By Kevin Opsahl for the Mail Tribune
Gov. Kate Brown signs law allowing the district to get state grants to make up for money from lost students
The Phoenix-Talent School District will get a shot in the arm with cash to recoup what it lost when students were displaced by the Almeda fire in 2020.
Gov. Kate Brown signed House Bill 4026 Wednesday, clearing the way for Phoenix-Talent (as well as the McKenzie, Lincoln County and Santiam Canyon school districts) to tap into $25 million worth of grant funding from the Oregon Department of Education.
“The governor’s desk was the last stop for our bill,” said Rep. Pam Marsh, D-Ashland, who made HB 4026 a top priority in the 2022 short legislative session. “Now we know that wildfire-impacted school districts, including Phoenix-Talent, can count on stable funding for the next few years.
“That’s a huge relief as we continue recovery efforts,” Marsh wrote in an email. “I’m deeply grateful for the universal support the bill received from legislators from all over the state — and I am thrilled to have HB 4026 signed.”
Superintendent Brent Barry told the newspaper in an email he was “relieved and grateful” the bill got Brown’s signature.
“This allows our district to recover and support our students, families and community over the next few years without making drastic cuts in staffing and programs in the immediate future,” Barry said.
The school year resumes on Monday, March 28.
It will be up to the Phoenix-Talent School Board to disburse the new funds the district gets. The board’s next meeting is set for 6 p.m. April 7.
A meeting agenda for the meeting was not yet posted on the district’s website Friday. Phoenix-Talent School Board Chair Dawn Watson said topics of discussion won’t be set for several more days, until she meets with Barry.
Watson was not sure whether the school board would have to pass a resolution for the district to tap into HB 4026’s funds.
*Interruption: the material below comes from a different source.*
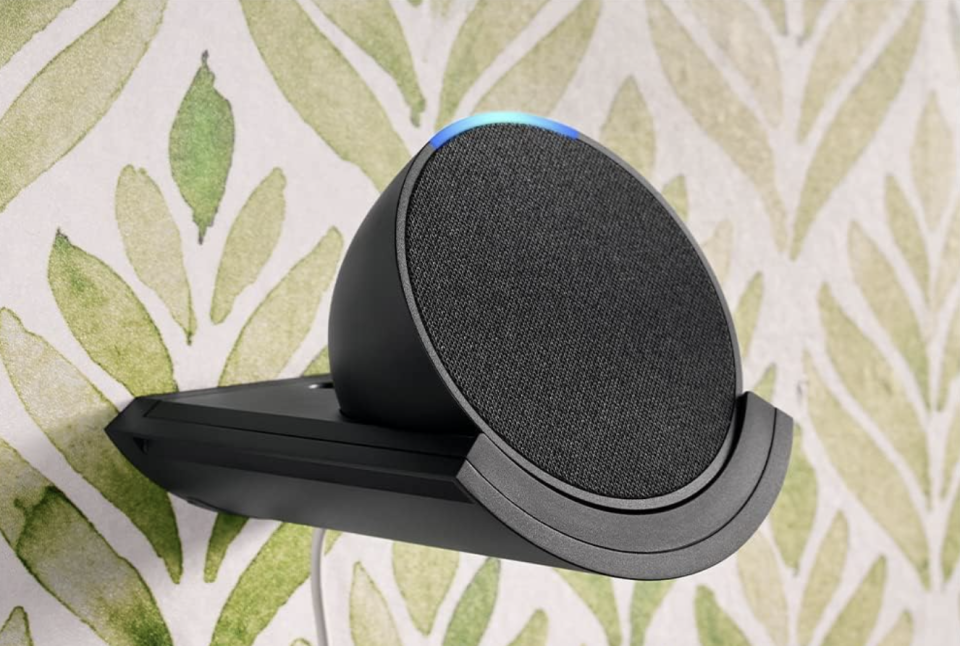 the Amazon Echo Pop on a wall mount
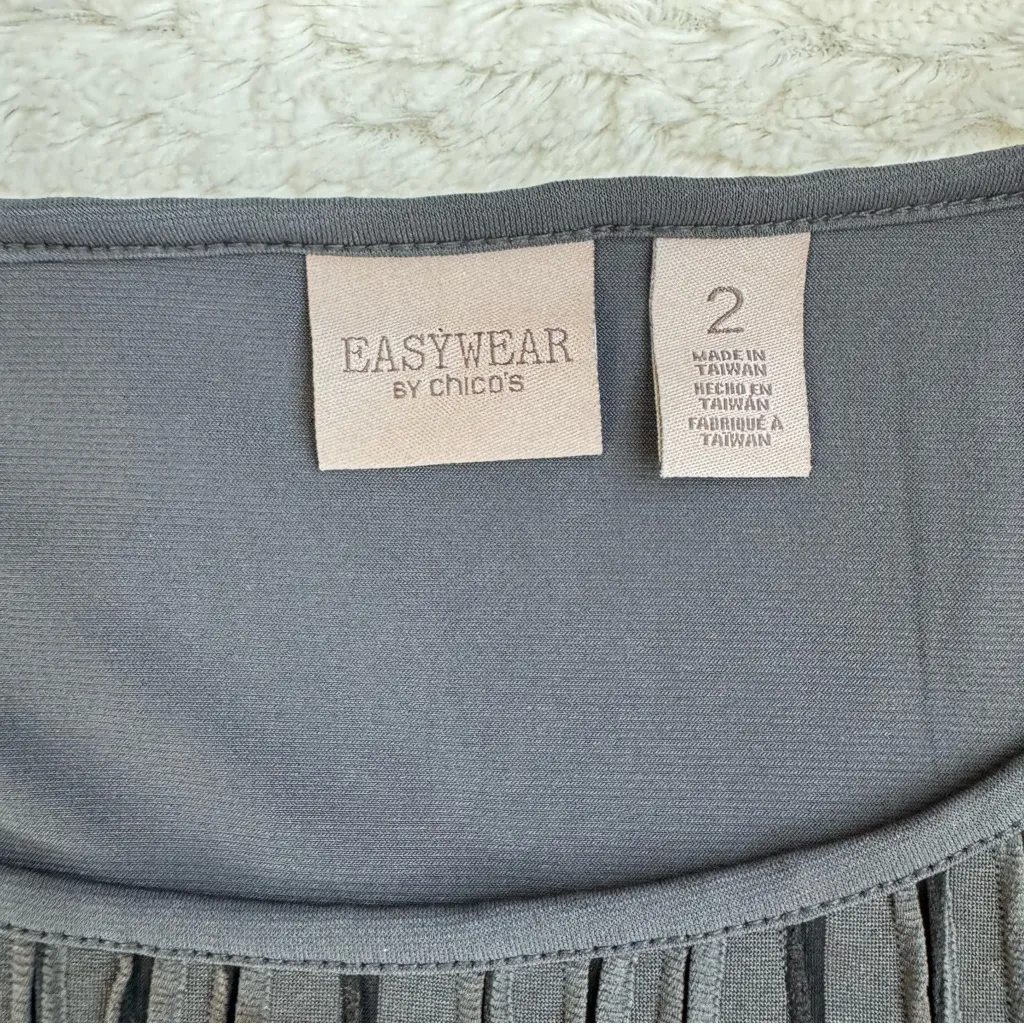 Chicos Easywear Textured Layers 3D Knit Top Sz 2 L Graphite Gray Stretch Slinky - Image 4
She said the new money would play a critical role in conversations in May, when the board meets to discuss the budget.
“The plan for this money is to help with the gap of students leaving so we can continue these programs we are currently offering to the students, and we don’t have to cut teachers or aides or any of these programs,” Watson said.
“I think it will be great overall, and we really look forward to involving the public with the budget process,” Watson said.
She thanked Marsh for making the new legislation possible.
“She watches out for our kids and our families — and when she says she’s going to do something, she does it,” Watson said.